Synopsis

TiledArray is a scalable, block-sparse tensor framework for rapid composition of high-performance tensor arithmetic, appearing for example in many-body quantum mechanics. It allows users to compose tensor expressions of arbitrary complexity in native C++ code that closely resembles the standard mathematical notation. The framework is designed to scale from a single multicore computer to a massive distributed-memory multiprocessor.

TiledArray is built on top of MADNESS parallel runtime (MADWorld), part of MADNESS numerical calculus framework.

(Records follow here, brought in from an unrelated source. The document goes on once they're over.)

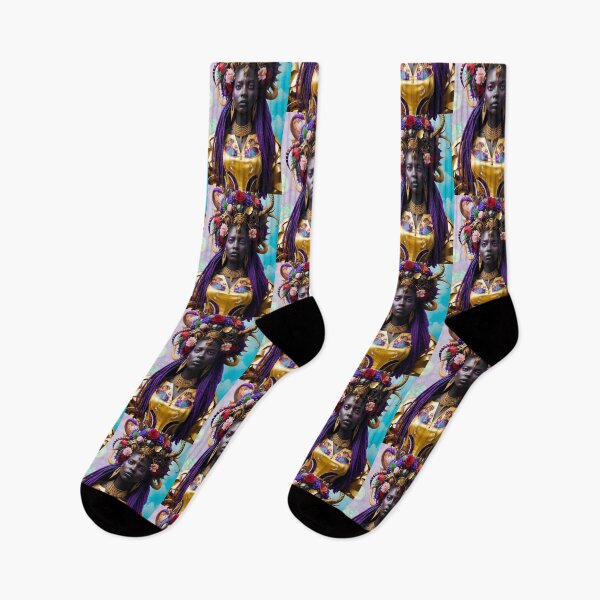 Item preview, Jungle Children 19 designed and sold by BlueOctopus1878.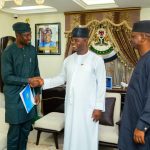 2027: Omoluabi Emerges as New Face of Progressive Leadership in Kogi West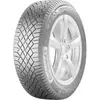 Image de Continental Viking Contact 7 255/50 R20 109T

TiledArray is a work in progress. Its development has been possible thanks to generous support from the U.S. National Science Foundation, the Alfred P. Sloan Foundation, the Camille and Henry Dreyfus Foundation, and the Department of Energy.

Design Goals

General-purpose arithmetic on dense and block-sparse tensors;
High-level (math-like) composition as well as full access to low-level data and algorithms, both from C++
Massive shared- and distributed-memory parallelism
Deeply-reusable framework: everything can be customized, from tile types (e.g. to support on-disk or compute-on-the-fly tensors) to how the structure of sparse tensors is described.

Example Code

The following example expressions are written in C++ with TiledArray. TiledArray use the Einstein summation convention when evaluating tensor expressions.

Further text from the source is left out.